同センターでは、2005~14年の10年間に、子どもが豆類を気管などに詰まらせて受診した事例が42件あった。1歳前後の子に多いが、4、5歳児でも起きている。豆の種類はピーナツが19件と最多で、煎った大豆(10件)、枝豆(9件)が続いた。大豆での事故の8割は、節分のある2月に発生している。
こうした豆類は、硬くて滑りやすく、小さい。歯が生えそろわず、そしゃく力が不十分な子どもはうまくかみ砕けず、直径7~9ミリの子どもの気管に入ってしまう。気管や気管支に入った豆を取り除くのは困難で、全身麻酔をかけて内視鏡などを使った手術になることが多い。
「のどや気管などに異物が詰まった時は、激しくむせてせき込むなどの症状が出ます」と川崎さん。息をすると胸などから「ゼーゼー」「ヒューヒュー」といった音が聞こえることもある。
気管を完全にふさいだ状態が数分間続くと、死に至るか、助かっても脳の機能に障害が残る場合がある。左右どちらかの気管支に異物が落ち、症状が一時よくなるケースもあるが、「豆が残っていると、肺炎を起こす危険もある。速やかに医療機関を受診して」と川崎さんは訴える。
万一の際、応急対応をどうするかは、年齢や症状によって異なる。
せき込んでいても、息ができているなら、自然に任せ、できるだけ泣かせないようにしながら、急いで医療機関に連れて行く。むせた際、子どもを逆さにして豆を口の方に戻そうとする人がいるが、症状が悪化する場合があるので避ける。
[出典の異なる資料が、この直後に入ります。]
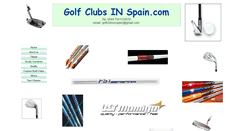 Desktop Screenshot of golfdealsspain.webstarts.com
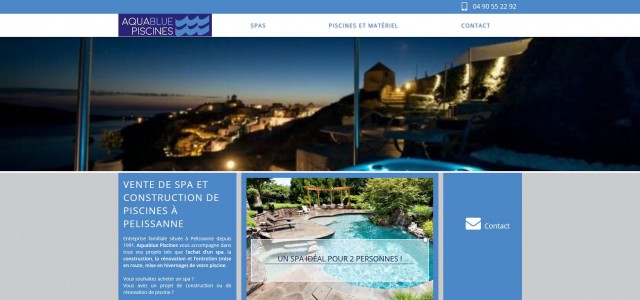 Où acheter un spa pas cher à Salon de Provence ? - Aquablue Piscines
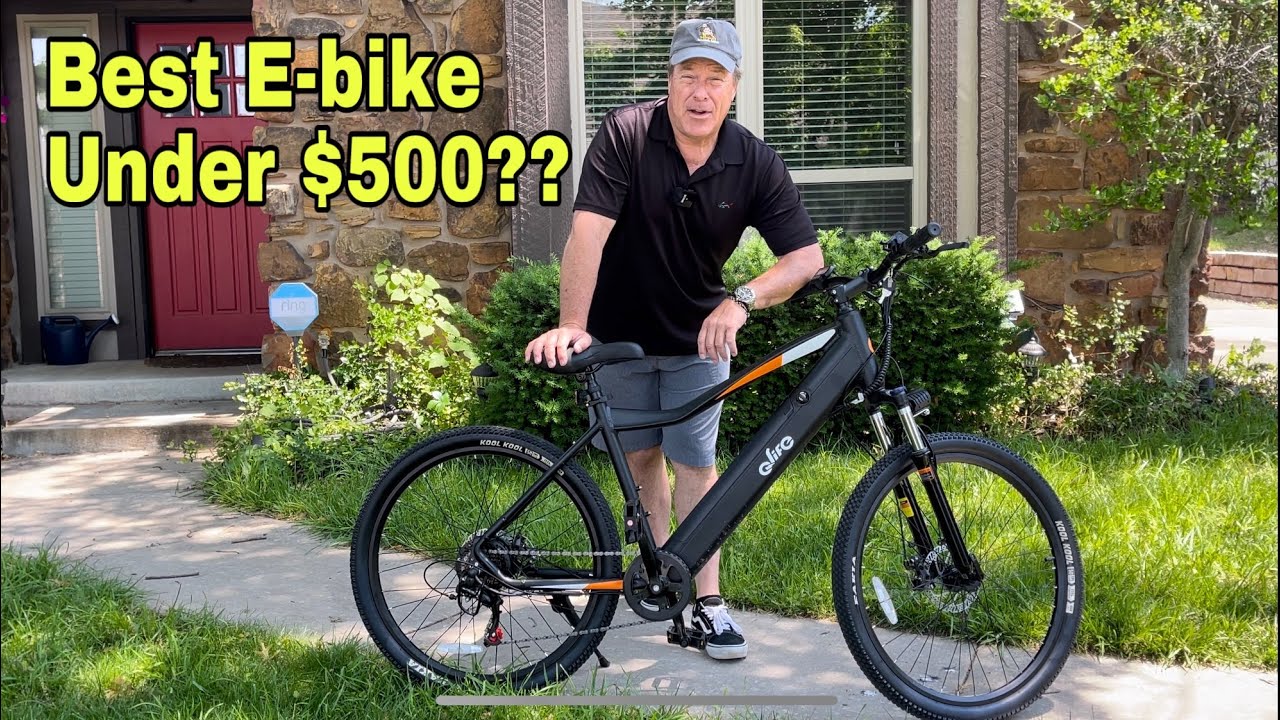 Is The Qlife CityOne Electric Bike The Best Bike Under $500??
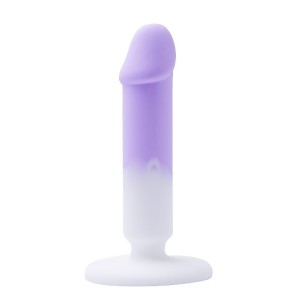 Plug Anal em Silicone com Glande - Pequeno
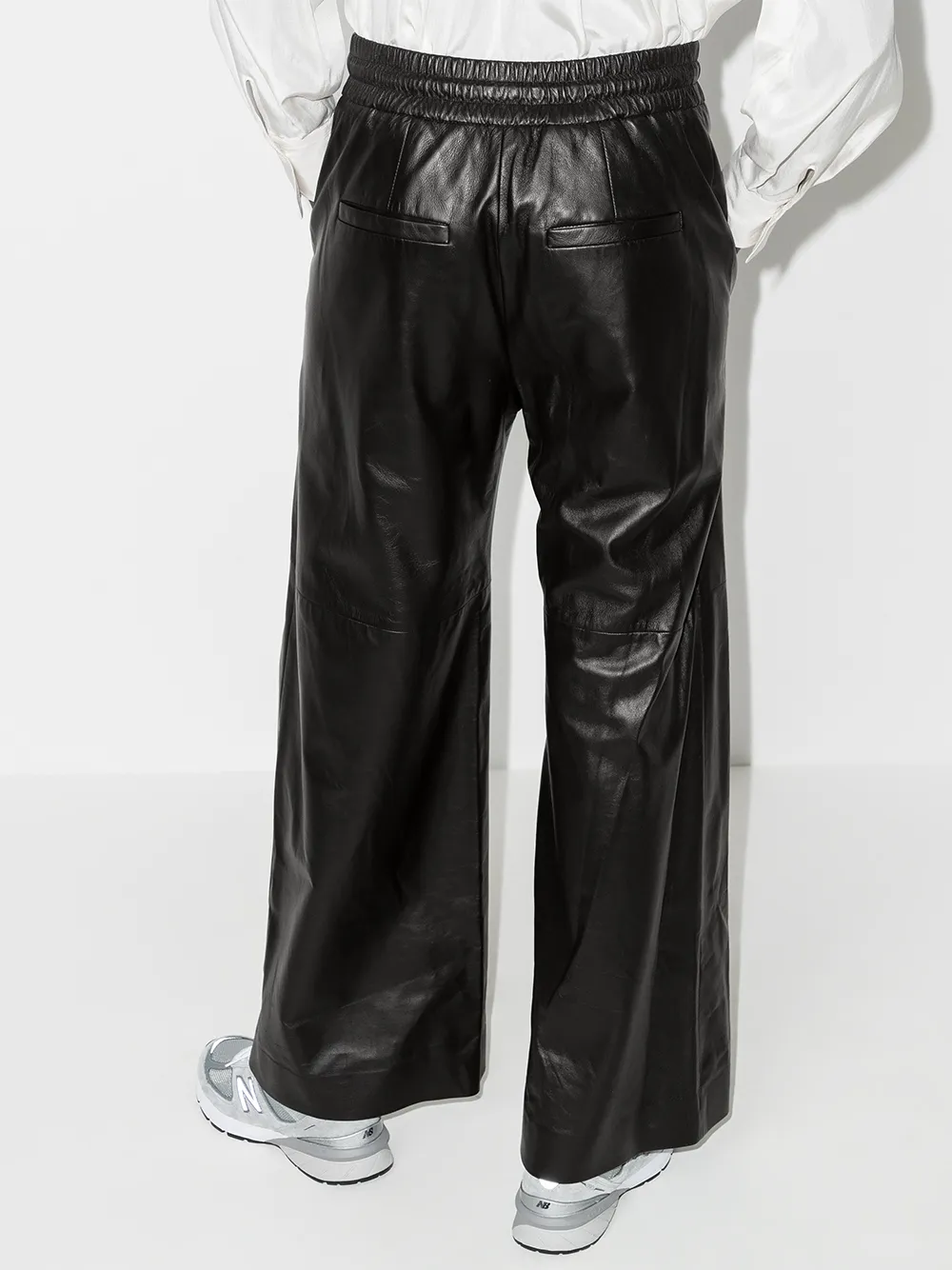 фото Brunello cucinelli широкие брюки с завышенной талией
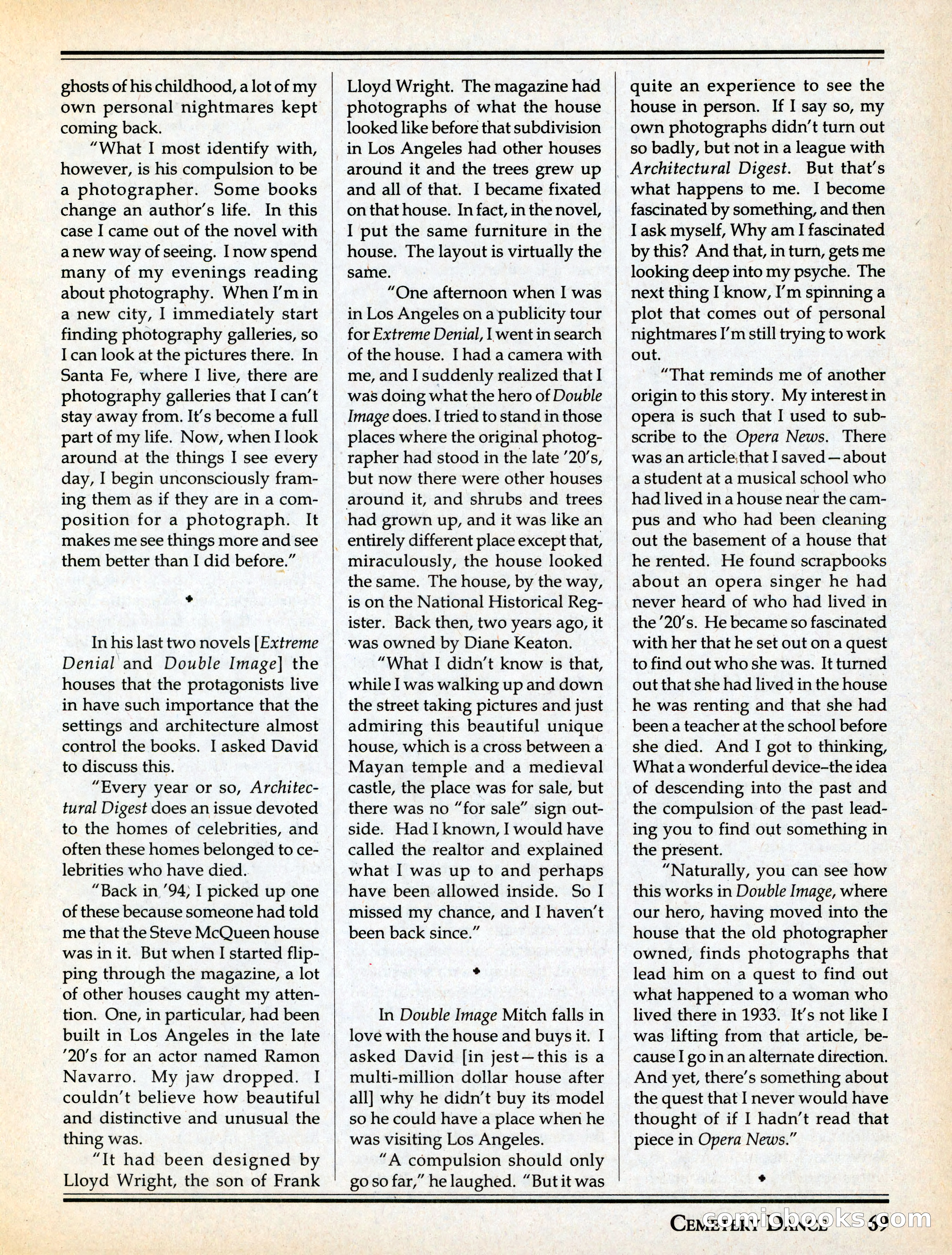 Cemetery Dance #29 — page 71 of 116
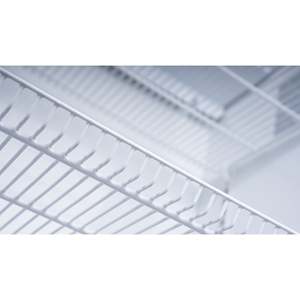 Réfrigérateur commercial à porte vitrée unique de 23 pouces, refroidisseur, noir, homologué ETL, 10,5 pi3 Pieds Prise américaine réglable - Product Image 3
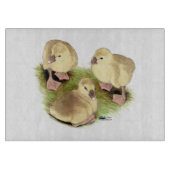 Planche À Découper Goslings : Buff African (Devant)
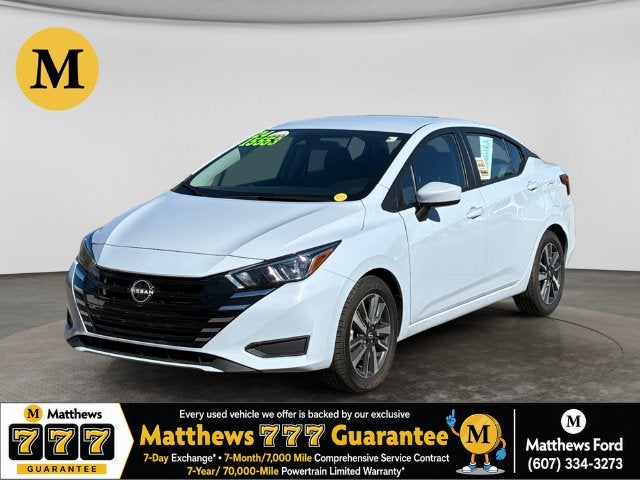 2024 Nissan Versa 1.6 SV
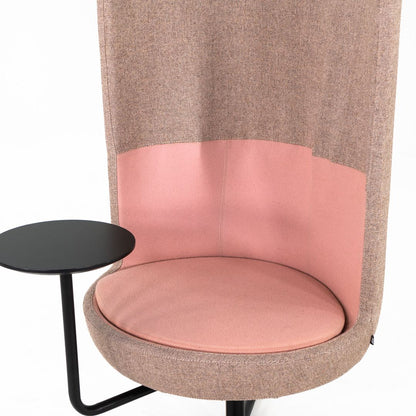 Round Private Lounge Chair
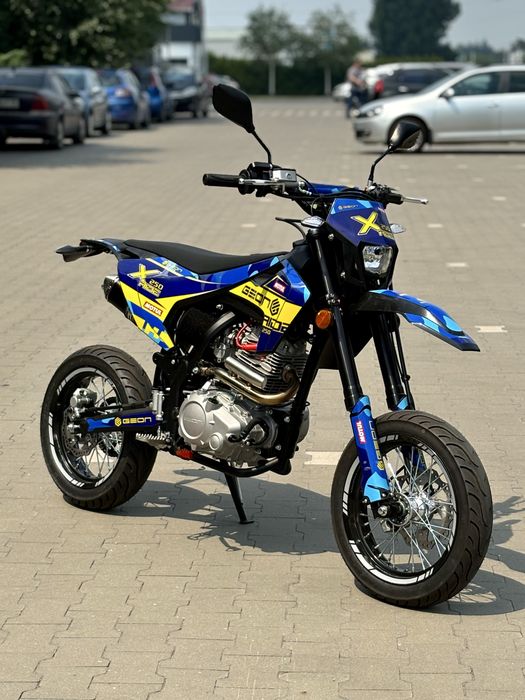 Geon X-ride 250 2026 motard !!!
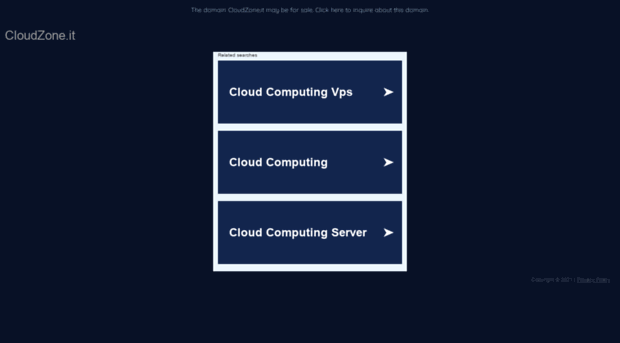 cloudzone.it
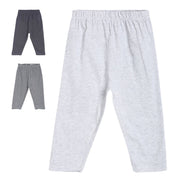 Pack of 3 knit bottom - light greyish blue for 0-3 Months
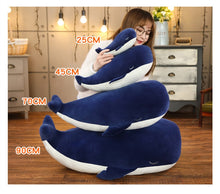 Load image into Gallery viewer, Super Soft Plush Toy Sea Animal Big Blue Whale Soft Toy Stuffed Animal Children&#39;s Birthday gift
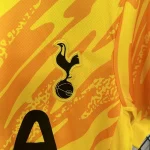 2024/2025 Tottenham Goalkeeper Football Shirt 1:1 Thai Quality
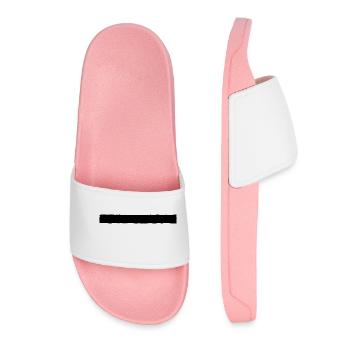 Banner thin - Women’s Pool Sliders - light pink - Front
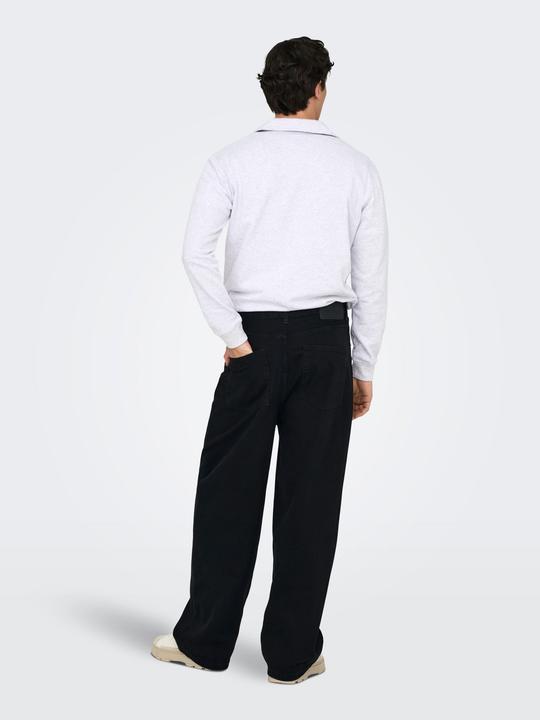 Produktbild Only & Sons Onscarl Balloon Black 8874 Tai Dnm Noos (W33/L32)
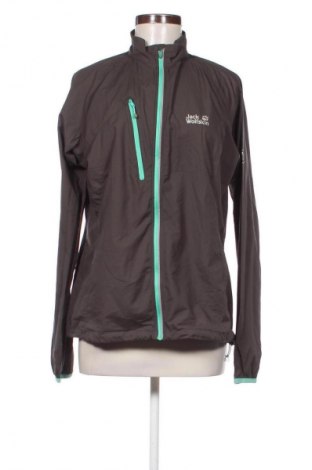 Γυναικείο μπουφάν Jack Wolfskin, Μέγεθος L, Χρώμα Γκρί, Τιμή 18,99 €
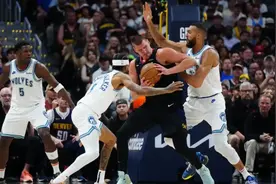 王侯将相宁有种乎？森林狼上演惊天逆转淘汰掘金，西决对阵独行侠图片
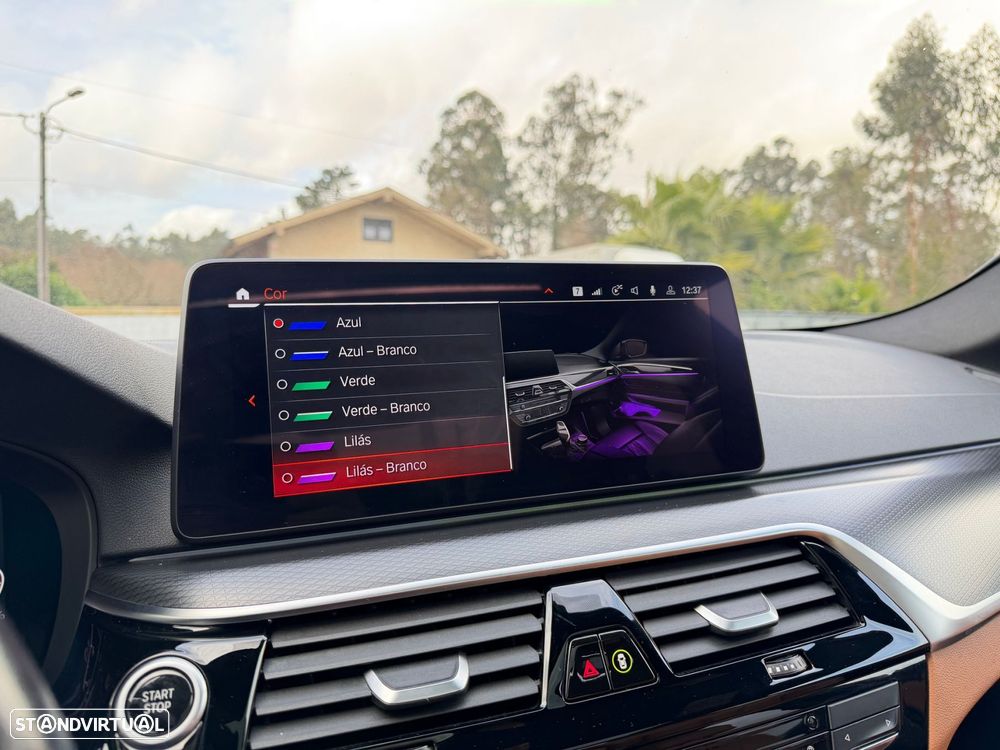 BMW 530 e Pack M - 19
一方、ものが詰まって声が出せず、窒息しているような状況では、すぐ救急車を呼ぶ。その上で、乳児なら片手で体を支え、もう一方の手のひらで背中をたたく、幼児なら背後から両腕を回し、腹部を上方へ圧迫するなど、年齢に応じた処置を行う。
関係学会やメーカーも注意喚起に努めている。
日本小児呼吸器学会(東京)は、餅やこんにゃく入りゼリーを喉に詰まらせるだけでなく、ピーナツや節分の豆などでも気管に詰まらせて窒息する危険があるとして、13年、予防のポイントや事故が起こった際の対応を示した。ホームページでも公開している。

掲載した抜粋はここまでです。